- Koramşalı Location in Turkey
- Coordinates: 36°44′N 34°11′E﻿ / ﻿36.733°N 34.183°E
- Country: Turkey
- Province: Mersin
- District: Erdemli
- Elevation: 700 m (2,300 ft)
- Population (2022): 437
- Time zone: UTC+3 (TRT)
- Postal code: 33730
- Area code: 0324

= Koramşalı =

Koramşalı (former Kirazlı) is a neighbourhood in the municipality and district of Erdemli, Mersin Province, Turkey. Its population is 437 (2022). It is situated in the valley of Alata creek. The distance to Erdemli is 26 km and to Mersin is 60 km. Recently a road to the Saklı şelale waterfalls next to the village was constructed.

== History ==
Located on the eastern side of a plateau, Koramşalı is quite secluded, and, although not fully investigated, it seems to have a rich history. In the vicinity of the village there are ancient graves as well as caves which are thought to have been inhabited in ancient times.

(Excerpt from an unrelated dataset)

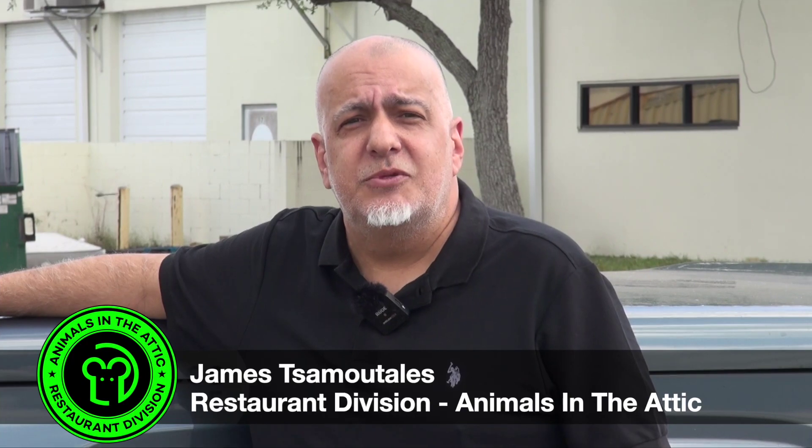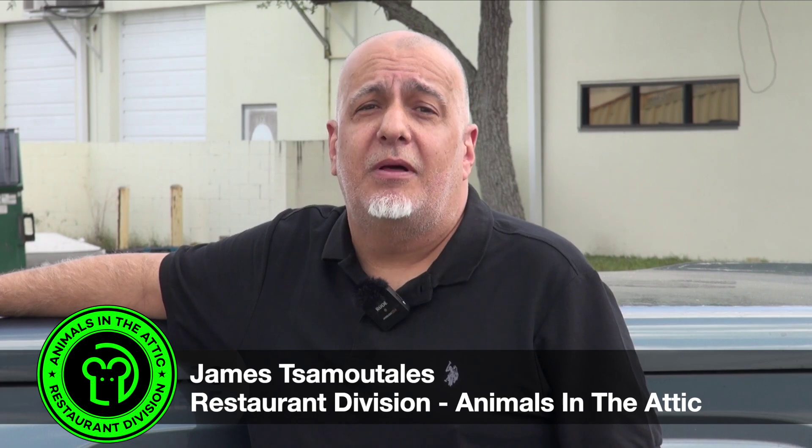Hi, my name is James with Animals in the Attic Restaurant Division. Let me show you the most common causes for rat problems in your restaurant.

There are also rock tanks for must and vine from the Roman era. An undated stone bridge may also be a Roman bridge. Although there are 5-6 century-old sycamore trees within the village, the exact founding date of the present village is not known.

== Economy ==
Koramşalı is a typical agricultural village. Tomato, peach, cherry, nut and pomegranate are its main products. Pomegranate syrup is also produced. The secondary economic activity is cattle breeding.